> **ABOUT THIS TASK**
Go through the material below and copy each line exactly.

*** Opening of MATERIAL SUPPLIED ***

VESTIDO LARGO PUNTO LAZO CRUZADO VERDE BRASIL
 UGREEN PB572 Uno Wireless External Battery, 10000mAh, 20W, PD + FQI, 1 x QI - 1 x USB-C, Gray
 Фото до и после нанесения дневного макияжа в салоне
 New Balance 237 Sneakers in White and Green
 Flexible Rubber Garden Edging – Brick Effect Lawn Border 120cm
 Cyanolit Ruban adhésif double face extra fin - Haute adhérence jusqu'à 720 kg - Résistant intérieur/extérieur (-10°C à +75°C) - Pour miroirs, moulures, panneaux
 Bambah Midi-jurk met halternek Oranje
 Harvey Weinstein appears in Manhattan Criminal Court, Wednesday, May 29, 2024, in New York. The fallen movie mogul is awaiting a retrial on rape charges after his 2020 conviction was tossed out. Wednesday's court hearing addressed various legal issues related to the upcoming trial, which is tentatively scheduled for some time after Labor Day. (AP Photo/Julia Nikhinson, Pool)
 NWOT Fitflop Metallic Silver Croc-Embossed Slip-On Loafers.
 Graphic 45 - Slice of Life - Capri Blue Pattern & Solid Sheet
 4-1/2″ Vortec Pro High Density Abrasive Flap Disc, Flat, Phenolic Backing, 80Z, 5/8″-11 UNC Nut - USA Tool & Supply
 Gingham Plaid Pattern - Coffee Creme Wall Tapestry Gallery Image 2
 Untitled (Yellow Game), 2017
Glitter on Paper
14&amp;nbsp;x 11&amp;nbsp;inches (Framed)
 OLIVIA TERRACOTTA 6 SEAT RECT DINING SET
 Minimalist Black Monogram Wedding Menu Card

*** Close of MATERIAL SUPPLIED ***

> **FINAL ANSWER**
VESTIDO LARGO PUNTO LAZO CRUZADO VERDE BRASIL
 UGREEN PB572 Uno Wireless External Battery, 10000mAh, 20W, PD + FQI, 1 x QI - 1 x USB-C, Gray
 Фото до и после нанесения дневного макияжа в салоне
 New Balance 237 Sneakers in White and Green
 Flexible Rubber Garden Edging – Brick Effect Lawn Border 120cm
 Cyanolit Ruban adhésif double face extra fin - Haute adhérence jusqu'à 720 kg - Résistant intérieur/extérieur (-10°C à +75°C) - Pour miroirs, moulures, panneaux
 Bambah Midi-jurk met halternek Oranje
 Harvey Weinstein appears in Manhattan Criminal Court, Wednesday, May 29, 2024, in New York. The fallen movie mogul is awaiting a retrial on rape charges after his 2020 conviction was tossed out. Wednesday's court hearing addressed various legal issues related to the upcoming trial, which is tentatively scheduled for some time after Labor Day. (AP Photo/Julia Nikhinson, Pool)
 NWOT Fitflop Metallic Silver Croc-Embossed Slip-On Loafers.
 Graphic 45 - Slice of Life - Capri Blue Pattern & Solid Sheet
 4-1/2″ Vortec Pro High Density Abrasive Flap Disc, Flat, Phenolic Backing, 80Z, 5/8″-11 UNC Nut - USA Tool & Supply
 Gingham Plaid Pattern - Coffee Creme Wall Tapestry Gallery Image 2
 Untitled (Yellow Game), 2017
Glitter on Paper
14&amp;nbsp;x 11&amp;nbsp;inches (Framed)
 OLIVIA TERRACOTTA 6 SEAT RECT DINING SET
 Minimalist Black Monogram Wedding Menu Card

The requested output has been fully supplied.